Fondateur des écoles de Tokyo et de Kyoto, Tengen est le plus puissant utilisateur de barrières du monde du Jujutsu Kaisen : chaque jour, ses barrières protègent et aident à dissimuler les écoles de magie, garantissant que le jujutsu reste un secret pour une grande partie de la population japonaise.
Son jujutsushiki rend, comme nous l’avons dit, son âme immortelle ; son corps, en revanche, est sujet au vieillissement, et tous les 500 ans environ, Tengen est contraint de passer dans un corps compatible (ces corps sont appelés “Vaisseaux de Plasma Stellaire”), sous peine d’être transformé en quelque chose d’encore moins humain.

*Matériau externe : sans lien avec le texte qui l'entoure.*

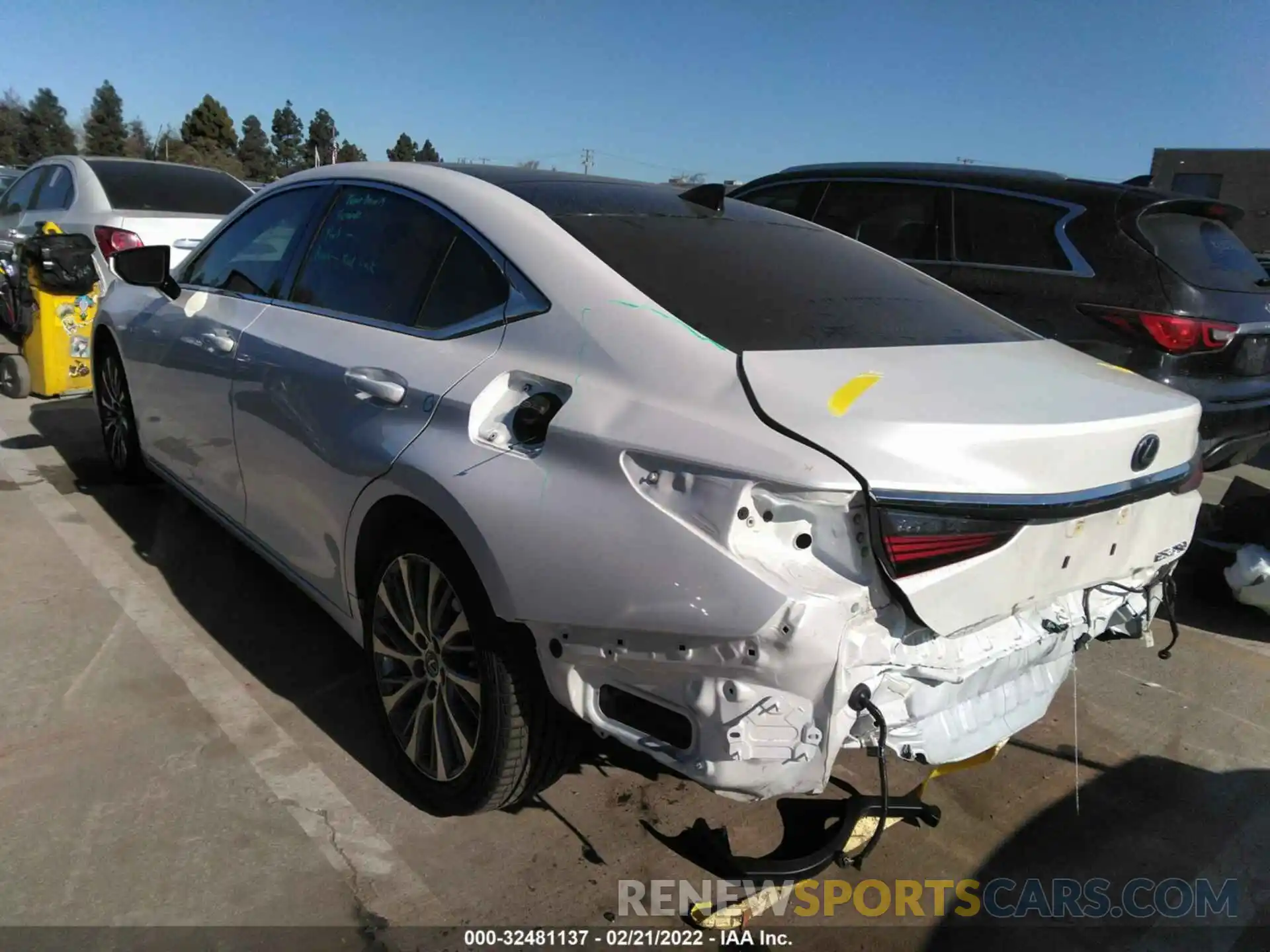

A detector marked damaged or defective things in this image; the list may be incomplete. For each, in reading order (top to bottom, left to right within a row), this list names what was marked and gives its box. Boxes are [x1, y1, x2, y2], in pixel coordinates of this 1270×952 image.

damaged white lexus es [94, 162, 1206, 809]
yellow damage marker [831, 373, 878, 418]
crumpled bumper [532, 566, 1175, 804]
yellow damage marker [688, 740, 1005, 931]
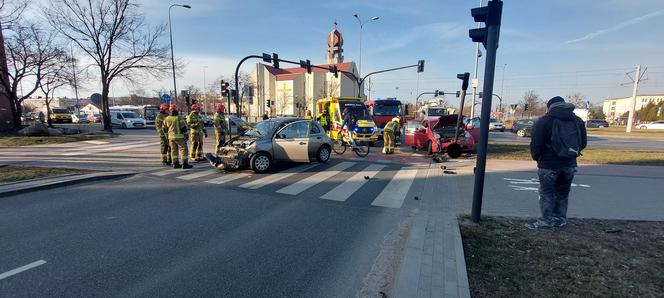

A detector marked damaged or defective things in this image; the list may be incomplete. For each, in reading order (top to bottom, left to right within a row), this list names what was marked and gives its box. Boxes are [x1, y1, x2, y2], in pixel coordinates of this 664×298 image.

damaged silver car [206, 117, 332, 173]
damaged red car [402, 114, 474, 157]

C’est plus ou moins ce qui s’est passé en 2006, lorsque Toji Fushiguro a tué le Vaisseau désigné, “forçant” l’évolution de Tengen, qui nous apparaît maintenant comme quelque chose qui ressemble plus à une malédiction qu’à un être humain. Tengen subit donc un Samsara forcé, l’éternel cycle bouddhiste de mort et de renaissance, depuis plus d’un millier d’années.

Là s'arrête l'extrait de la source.